JMIR Med Inform. 2020 Dec 12. doi: 10.2196/25457. Online ahead of print.


BACKGROUND: Medical notes are a rich source of patient data, however the nature of unstructured text has largely precluded using these data in large retrospective analyses. Transforming clinical text into structured data can enable large-scale research studies with electronic health records (EHR) data. Natural language processing (NLP) can be used for text information retrieval, reducing the need for labor intensive chart review. Here we present an application of NLP to large-scale analysis of medical records at two large hospitals for patients hospitalized with COVID-19 infections.

OBJECTIVE: Our study goal was to develop an NLP pipeline to classify the discharge disposition (home, inpatient rehabilitation, skilled inpatient nursing facility (SNIF) and death) of patients hospitalized with COVID-19 based on hospital discharge summaries notes.

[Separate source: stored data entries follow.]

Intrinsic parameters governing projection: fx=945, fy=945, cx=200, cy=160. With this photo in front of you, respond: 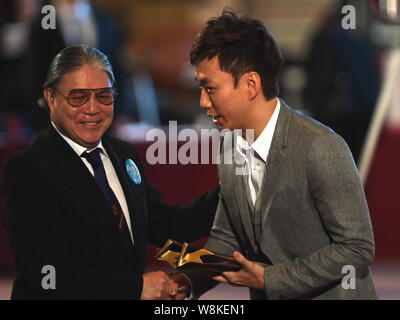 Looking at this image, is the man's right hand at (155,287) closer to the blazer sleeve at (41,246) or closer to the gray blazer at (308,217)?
the blazer sleeve at (41,246)

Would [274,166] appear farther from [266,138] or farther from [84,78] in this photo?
[84,78]

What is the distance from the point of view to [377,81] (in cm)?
628

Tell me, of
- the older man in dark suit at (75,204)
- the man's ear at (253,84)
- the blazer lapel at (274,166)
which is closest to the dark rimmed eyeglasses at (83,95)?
the older man in dark suit at (75,204)

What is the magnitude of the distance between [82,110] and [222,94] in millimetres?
422

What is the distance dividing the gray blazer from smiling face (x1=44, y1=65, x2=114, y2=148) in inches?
18.7

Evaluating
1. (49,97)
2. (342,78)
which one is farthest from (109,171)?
(342,78)

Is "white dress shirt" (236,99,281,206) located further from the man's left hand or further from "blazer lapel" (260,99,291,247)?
the man's left hand

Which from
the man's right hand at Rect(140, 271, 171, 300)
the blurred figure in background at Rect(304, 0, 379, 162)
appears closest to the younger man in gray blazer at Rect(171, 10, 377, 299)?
the man's right hand at Rect(140, 271, 171, 300)

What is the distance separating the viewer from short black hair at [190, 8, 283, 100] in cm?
280

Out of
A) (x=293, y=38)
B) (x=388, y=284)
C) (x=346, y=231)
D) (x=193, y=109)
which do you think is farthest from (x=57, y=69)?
(x=293, y=38)

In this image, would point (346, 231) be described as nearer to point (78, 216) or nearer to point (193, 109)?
point (78, 216)

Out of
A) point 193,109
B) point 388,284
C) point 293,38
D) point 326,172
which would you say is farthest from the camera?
point 293,38

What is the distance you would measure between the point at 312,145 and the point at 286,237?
299mm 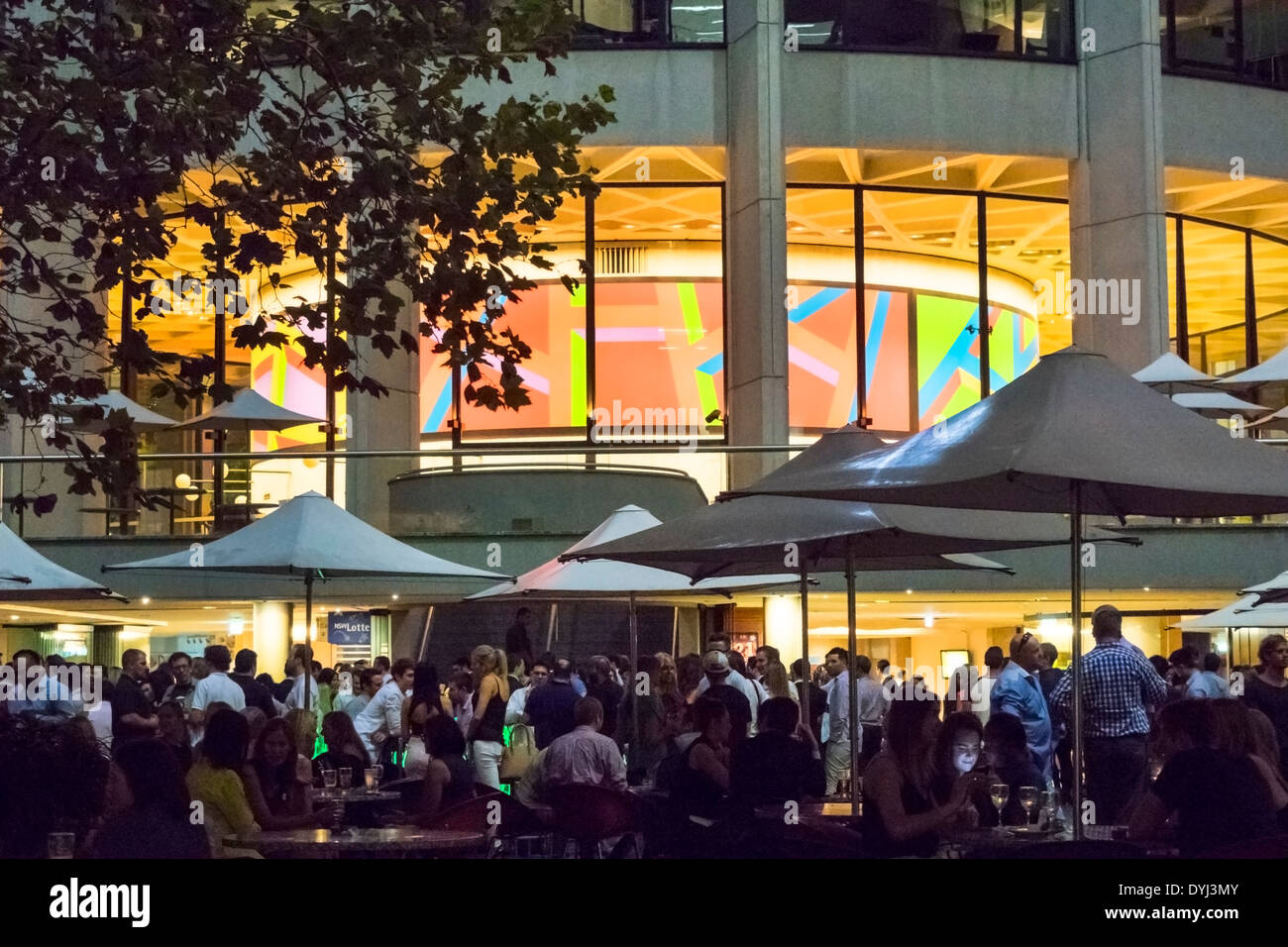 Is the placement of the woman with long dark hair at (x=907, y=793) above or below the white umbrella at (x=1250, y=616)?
below

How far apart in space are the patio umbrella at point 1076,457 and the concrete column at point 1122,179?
1761cm

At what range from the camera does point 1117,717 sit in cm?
1238

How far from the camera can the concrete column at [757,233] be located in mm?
25562

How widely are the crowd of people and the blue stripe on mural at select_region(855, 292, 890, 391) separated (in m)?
11.5

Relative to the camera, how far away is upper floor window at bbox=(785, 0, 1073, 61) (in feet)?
89.5

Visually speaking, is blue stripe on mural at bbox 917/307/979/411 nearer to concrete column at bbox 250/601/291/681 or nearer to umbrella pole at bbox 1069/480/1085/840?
concrete column at bbox 250/601/291/681

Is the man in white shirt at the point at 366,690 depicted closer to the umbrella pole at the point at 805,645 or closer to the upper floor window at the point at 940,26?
the umbrella pole at the point at 805,645

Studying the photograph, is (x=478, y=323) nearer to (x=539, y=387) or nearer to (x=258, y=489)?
(x=258, y=489)

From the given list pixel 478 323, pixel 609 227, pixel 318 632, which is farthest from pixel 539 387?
pixel 478 323

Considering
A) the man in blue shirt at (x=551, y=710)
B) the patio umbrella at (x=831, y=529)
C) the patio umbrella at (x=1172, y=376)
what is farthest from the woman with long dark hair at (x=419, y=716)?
the patio umbrella at (x=1172, y=376)

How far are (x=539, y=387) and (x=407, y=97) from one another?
1989 cm

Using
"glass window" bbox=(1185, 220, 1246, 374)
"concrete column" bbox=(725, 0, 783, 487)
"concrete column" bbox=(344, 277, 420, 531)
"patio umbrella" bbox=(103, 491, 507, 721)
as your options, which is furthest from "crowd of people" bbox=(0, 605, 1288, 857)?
"glass window" bbox=(1185, 220, 1246, 374) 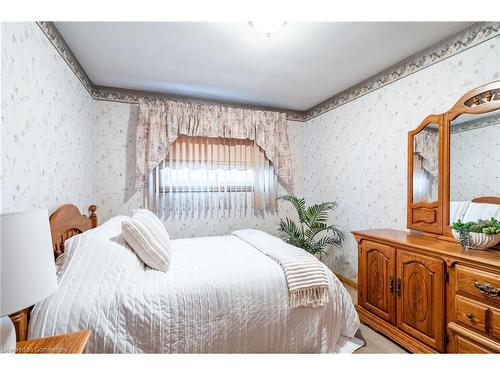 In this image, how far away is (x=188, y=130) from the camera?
3.05 meters

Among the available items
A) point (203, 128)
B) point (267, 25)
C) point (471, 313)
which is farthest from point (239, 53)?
point (471, 313)

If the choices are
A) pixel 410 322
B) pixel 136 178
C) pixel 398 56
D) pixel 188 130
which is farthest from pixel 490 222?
pixel 136 178

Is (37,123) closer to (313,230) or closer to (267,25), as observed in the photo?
(267,25)

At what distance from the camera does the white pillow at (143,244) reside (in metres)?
1.51

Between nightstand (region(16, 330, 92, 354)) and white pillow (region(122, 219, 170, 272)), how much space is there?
570 millimetres

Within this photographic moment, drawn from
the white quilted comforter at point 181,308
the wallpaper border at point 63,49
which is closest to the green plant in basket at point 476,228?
the white quilted comforter at point 181,308

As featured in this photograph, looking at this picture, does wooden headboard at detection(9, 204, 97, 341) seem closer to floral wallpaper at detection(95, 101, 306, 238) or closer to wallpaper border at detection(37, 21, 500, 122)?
floral wallpaper at detection(95, 101, 306, 238)

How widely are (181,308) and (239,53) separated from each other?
2047 mm

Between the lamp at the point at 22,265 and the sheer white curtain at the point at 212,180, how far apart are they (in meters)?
2.33

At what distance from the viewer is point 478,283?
1332 millimetres

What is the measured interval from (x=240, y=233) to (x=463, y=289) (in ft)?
6.07

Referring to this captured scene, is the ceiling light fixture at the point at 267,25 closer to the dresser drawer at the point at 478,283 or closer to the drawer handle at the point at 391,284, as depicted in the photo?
the dresser drawer at the point at 478,283

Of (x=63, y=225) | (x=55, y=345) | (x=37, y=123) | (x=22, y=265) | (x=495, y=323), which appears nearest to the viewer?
(x=22, y=265)

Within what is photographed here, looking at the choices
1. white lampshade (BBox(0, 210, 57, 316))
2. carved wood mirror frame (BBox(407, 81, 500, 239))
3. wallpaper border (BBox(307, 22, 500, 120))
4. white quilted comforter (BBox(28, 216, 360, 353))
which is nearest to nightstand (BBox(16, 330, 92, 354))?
white quilted comforter (BBox(28, 216, 360, 353)) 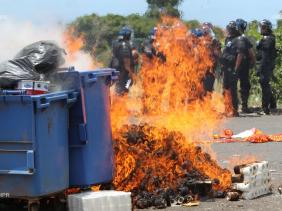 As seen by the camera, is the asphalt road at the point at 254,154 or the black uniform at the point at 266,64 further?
the black uniform at the point at 266,64

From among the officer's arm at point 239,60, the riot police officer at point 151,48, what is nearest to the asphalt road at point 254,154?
the officer's arm at point 239,60

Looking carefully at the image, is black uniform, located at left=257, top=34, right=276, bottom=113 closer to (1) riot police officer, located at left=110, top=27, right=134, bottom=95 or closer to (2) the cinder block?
(1) riot police officer, located at left=110, top=27, right=134, bottom=95

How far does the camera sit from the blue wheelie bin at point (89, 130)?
6.94 meters

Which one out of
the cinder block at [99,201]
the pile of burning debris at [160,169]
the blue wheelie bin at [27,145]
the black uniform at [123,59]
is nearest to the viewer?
the blue wheelie bin at [27,145]

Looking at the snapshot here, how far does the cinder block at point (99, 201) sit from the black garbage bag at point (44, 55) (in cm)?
124

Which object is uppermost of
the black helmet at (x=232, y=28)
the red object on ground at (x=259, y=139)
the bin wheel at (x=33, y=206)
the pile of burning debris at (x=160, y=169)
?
the black helmet at (x=232, y=28)

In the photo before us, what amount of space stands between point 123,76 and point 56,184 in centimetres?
1327

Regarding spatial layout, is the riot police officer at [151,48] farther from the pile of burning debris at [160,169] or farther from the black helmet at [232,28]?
the pile of burning debris at [160,169]

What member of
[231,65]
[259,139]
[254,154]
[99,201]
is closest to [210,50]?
[231,65]

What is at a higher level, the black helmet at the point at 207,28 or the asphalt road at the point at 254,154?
the black helmet at the point at 207,28

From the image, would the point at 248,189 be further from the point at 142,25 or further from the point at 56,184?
the point at 142,25

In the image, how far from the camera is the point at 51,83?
690 cm

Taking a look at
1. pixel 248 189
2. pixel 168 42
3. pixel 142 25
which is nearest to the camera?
pixel 248 189

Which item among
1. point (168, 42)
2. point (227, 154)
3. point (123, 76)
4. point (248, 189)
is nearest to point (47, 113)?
point (248, 189)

METHODS: Text mining and feature engineering were applied to unstructured text from hospital discharge summaries. The study included patients with COVID-19 discharged from 2 hospitals in the Boston, Massachusetts area (Massachusetts General Hospital and Brigham and Women’s Hospital) between March 10, 2020, and June 30, 2020. The data was divided into 70% for training and 30% for a hold-out test set. Discharge summaries were represented as bags-of-words consisting of single words (1-grams), 2-grams and 3-grams. The number of features was reduced during training by excluding n-grams that occurred in fewer than 10% of discharge summaries, and further using LASSO regularization while training a multiclass logistic regression model. Model performance was evaluated in the hold-out test set.

RESULTS: The study cohort comprised 1737 adult patients (median [SD] age, 61[18] years old; 55% men; 45% White and 16% Black; 14% non-survivors; 61% discharged home). The model selected 179 from a vocabulary of 1056 engineered features, consisting of combinations of unigrams, bigrams and trigrams. The top features contributing most to the classification by the model (for each outcome) were: ‘appointments specialty’, ‘home health’ and ‘home care’ (home), ‘intubate’, and ‘ARDS’ (inpatient rehabilitation), ‘service’ (SNIF), ‘brief assessment’ and ‘covid’ (death). The model achieved micro average area under the receiver operating characteristic and average precision in the testing set of 0.98 (95% CI 0.97-0.98) and 0.81 (95% CI 0.75-0.84), respectively, for prediction of discharge disposition.

CONCLUSIONS: A supervised learning-based NLP approach is able to classify discharge disposition of patients hospitalized with COVID-19 infection. This approach has the potential to accelerate and increase the scale of research on patients’ discharge disposition that is possible with EHR data.